I’ve been asking myself what, if any, might be my mission in life, and wondering if, with my modest resources and energy, I’d still be up to it.
To my relief, the instigator of the question himself, Fr. Tito Caluag, assures me that in my complicated senior situation— with children and grandchildren from my first and only Catholic marriage, the second being a civil one, bringing me stepchildren and step-grandchildren—I probably have long been on it. It’s people like Fr. Tito who keep me from disengaging myself completely from the Catholic Church, which, in fairness, would sooner reopen the door for me if only Vergel and I got our marriage annulment from, and married in, that church.
Fr. Tito, who now lives and works outside his Jesuit community, is on his own mission. He is a constant reminder that working for others can be accomplished creatively, even outside prescribed structures, even on one’s own. And if I need yet another nonconformist to look up to, I have Pope Francis no less. He brings me back to all things simple and, one who does as he preaches, he himself goes about his ministry unbridled by the pomp of his office, indeed with an endearing style befitting his chosen papal name.
At the moment, I’m a freelance spirit, self-employed, so to speak, walking no particular path, nay, walking several paths. But I do know that it’s time I thought of beneficiaries outside my family, which happens to be the theme of my classmate Chit Reodica’s presidency of our high-school alumnae association at St. Theresa’s College of Quezon City. It’s she who has shown me that philanthropy is about quality of spirit, not quantity of means.
Schoolbags and fresh milk
The other day she sent me pictures of another trip with some members of her board to another school, the Talubin Elementary School in Bontoc, a five-hour, mostly rough-road trip from Baguio, to bring schoolbags and fresh milk for its 400-odd pupils, who waited in the sun to welcome them with a short program.
Wherever they go on such a mission, she says, their modest philanthropy is dwarfed by the enormous need, and how they wish they could give more!
A former health secretary, Chit has indeed seen the faces of poverty first-hand, and says she can’t quite stop thinking of them. But while nothing is ever enough, she says, she can’t stop giving what she can on her own and raising further aid where she can, all done, amazingly, on the energy of a woman in her mid-70s. And she’s sweet to console me that some of my own writing (although certainly not anywhere near the inspirational sort George Sison does, particularly in his new book “You are God as You”) should have its own lifting effect—in my dreams, I’m tempted to reply.

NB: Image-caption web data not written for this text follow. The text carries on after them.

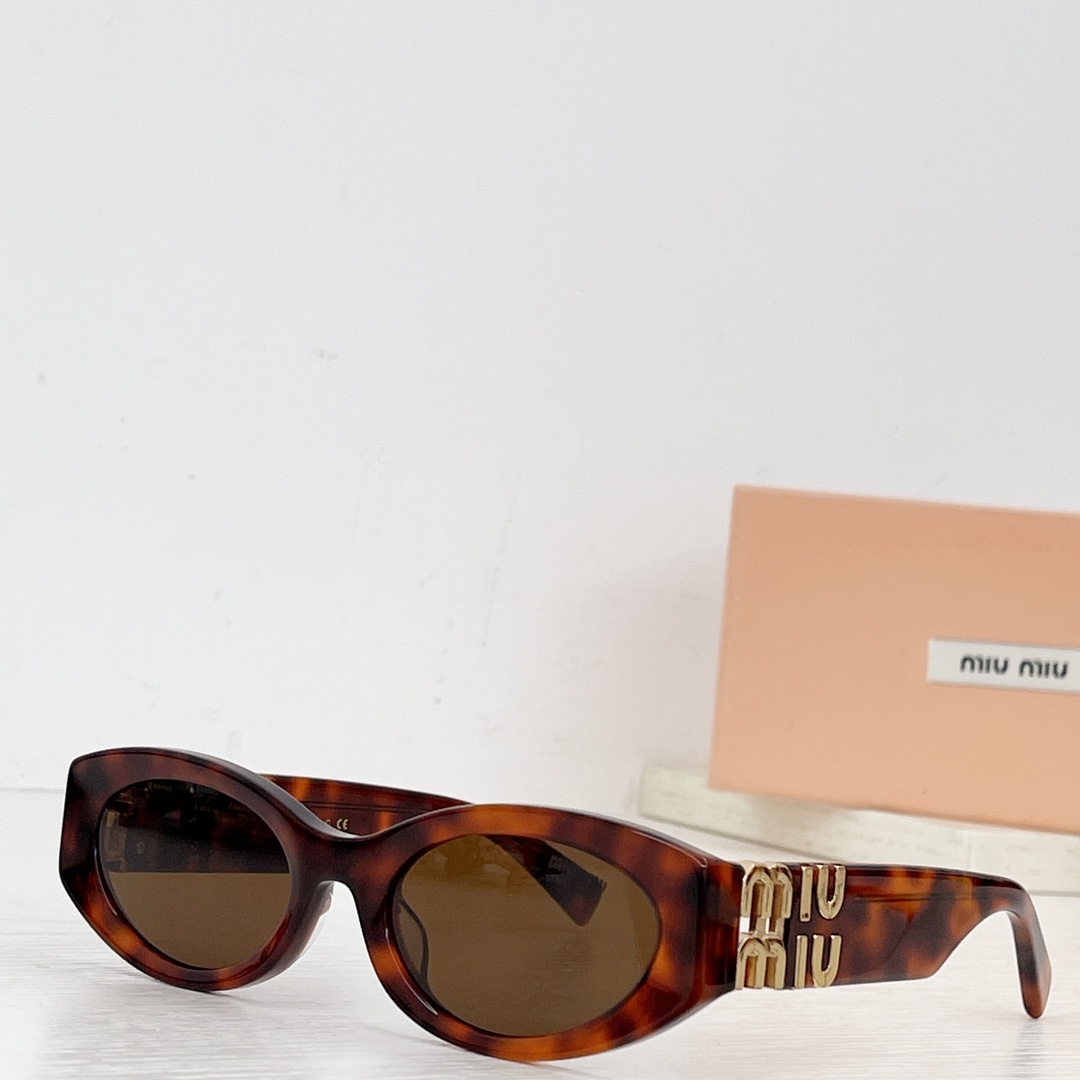 MIU MIU MODEL：MU11WS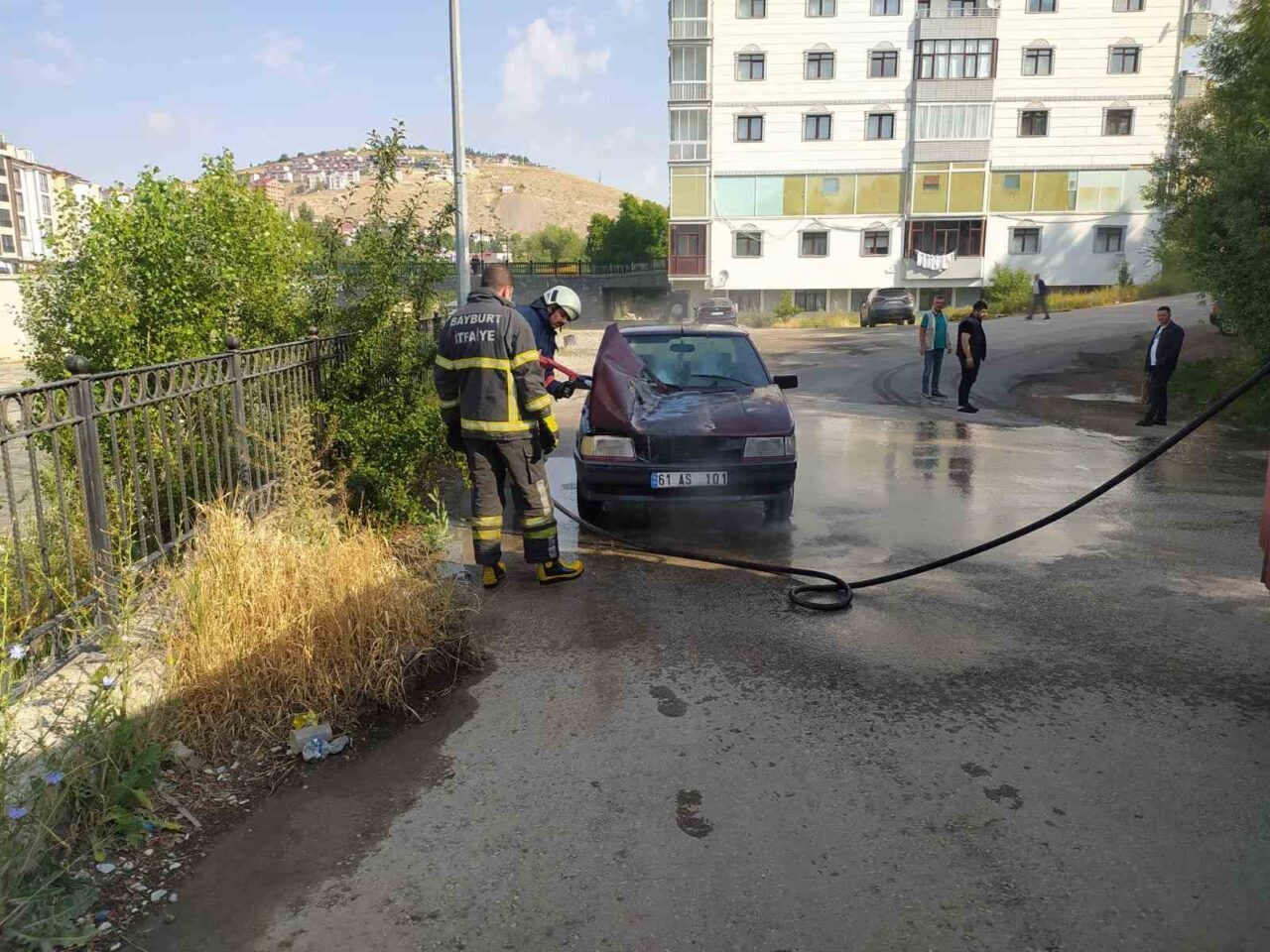 Bayburt’ta Taş Köprü civarında park halinde bulunan bir otomobilde çıkan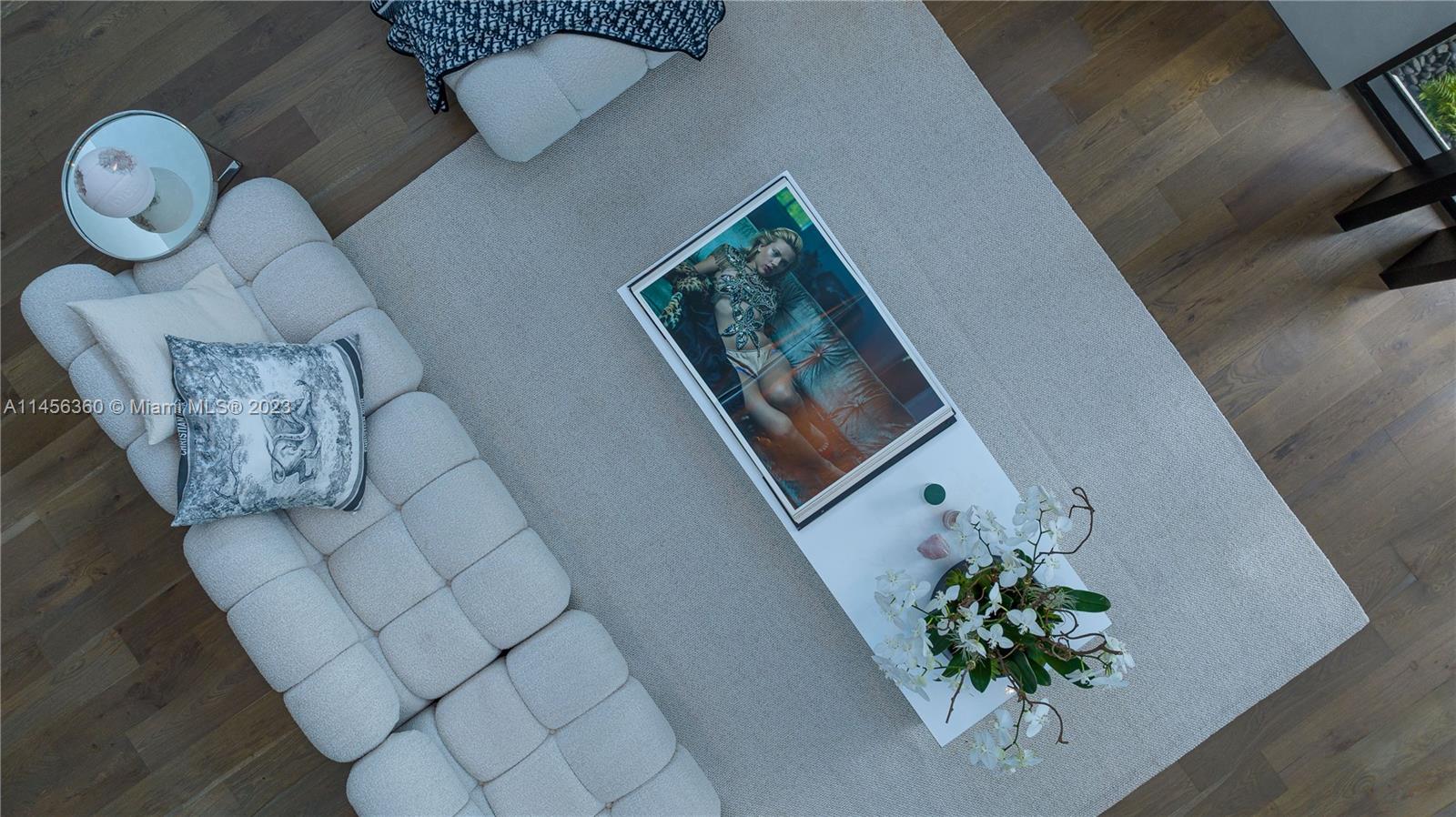 SUNSET ISLANDS-ISLAND NO 1 - Residential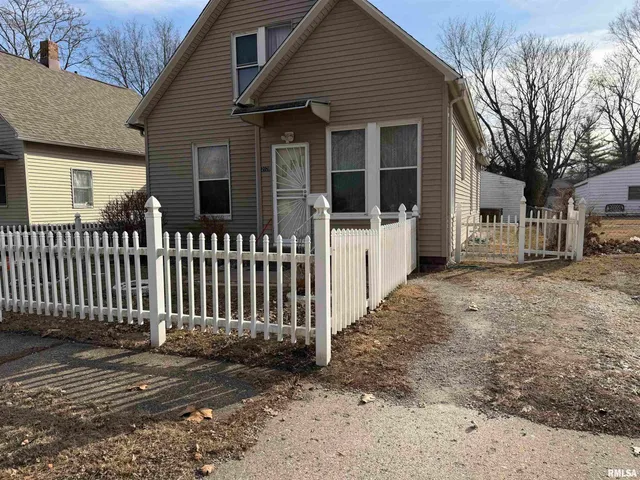 $67,000 | 2028 East Monroe Street, Springfield, IL 62703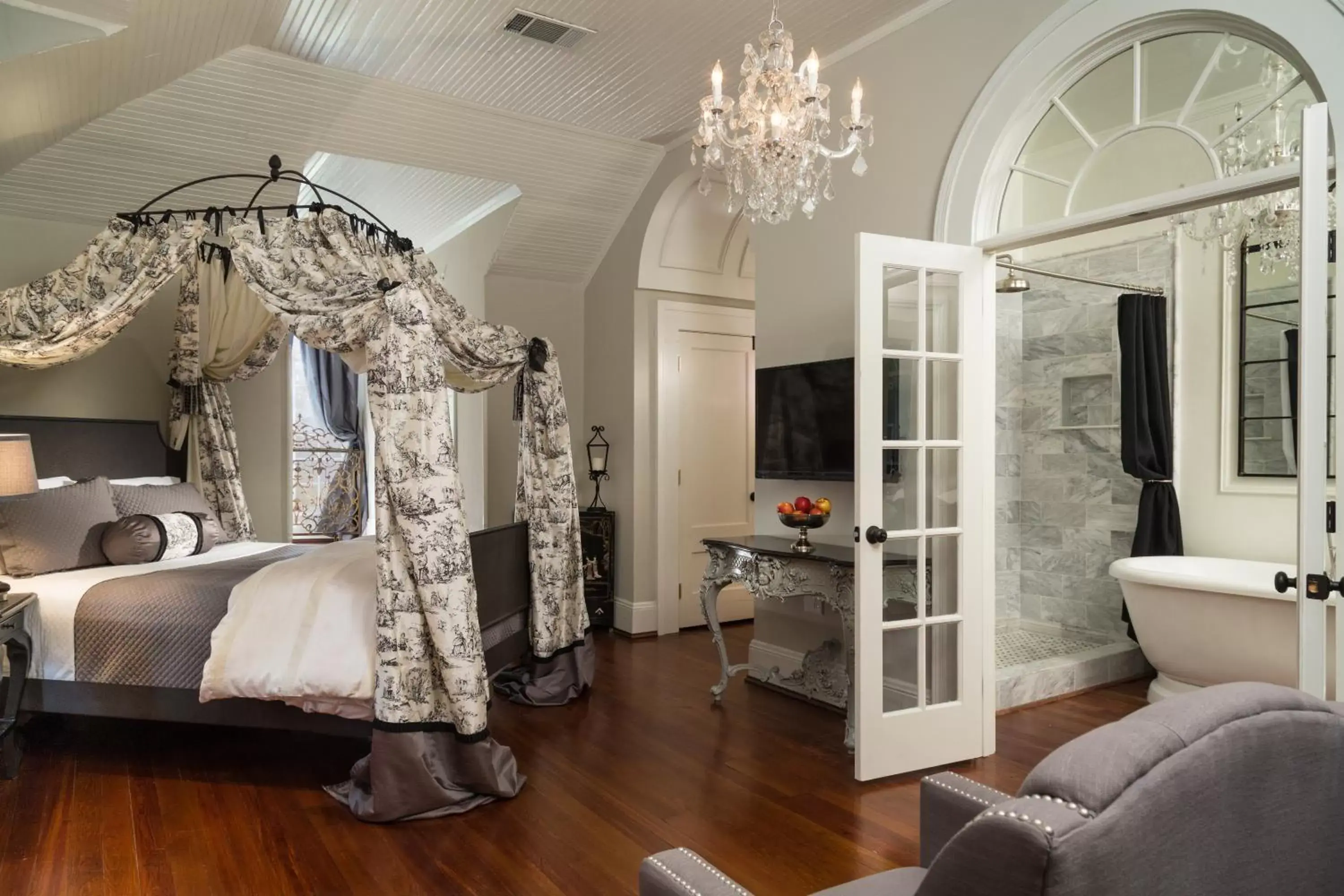 Suite with Spa Bath in The Twelve Oaks Bed & Breakfast Suite with Spa Bath in The Twelve Oaks Bed & Breakfast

From Christian Monsod comes a heartrending, conscience-piquing fact: there are 22 million poor Filipinos, 9 million of them food-poor. Its prompt effect on me is to do without many things—eating less is one of them, however self-serving it is in a way, admittedly. It’s the least one can do.
I could drown just thinking of all those unshod schoolchildren packed in makeshift classrooms, with no chairs, no books, not even bags to contain what school materials they can collect for themselves. But what can one do? It’s a question widely asked in the shameful, selfish context of an excuse, an escape.
Living simply
But Pope Francis, by doing what he does, shows me what I can do, basically: if he can do away with the pomp and circumstance of papacy, I can do away with my own excess. As my grandfather Rafael would say, living simply is a kind of philanthropy in itself; every time one buys more than one needs, one actually takes away from the poor.
It was Lolo Rafael I first heard warn against living in walled and guarded villages. It would isolate the rich from the poor, and the alienation would be a loss for both, he said. He was proud that Lola Enchay and the woman who owned the neighborhood sari-sari store where she bought galletas and Cosmos soft drinks called each other by their first names and chatted beyond business.
Pope Francis repeatedly cries out for the rights of children, of the poor, of migrants and other victims of oppression, of the marginalized. Surely if we knew any of them by face and name, we’d be more concerned for them. Once, when we the caretakers of the forest we had built in the heart of Manila, along Arroceros St., decided to invite some of the neighboring poor to an event there, one of us quite candidly and innocently asked, “Do we know any poor?”
Exactly as Lolo Rafael prophesied, separation leads to isolation and alienation, and further to prejudice and animosity and thoughtlessness.
To anyone wondering what to do with his time and resources, no matter how meager, I’d like to share the message I got from the title of a book by Regina Brett, even if possibly its content has little or nothing to do with issue raised here; it says, “God is Always Hiring.” It inspires us to find our way to our own philanthropy.
In God’s employ there’s always an opening, and it’s never too late to seize it.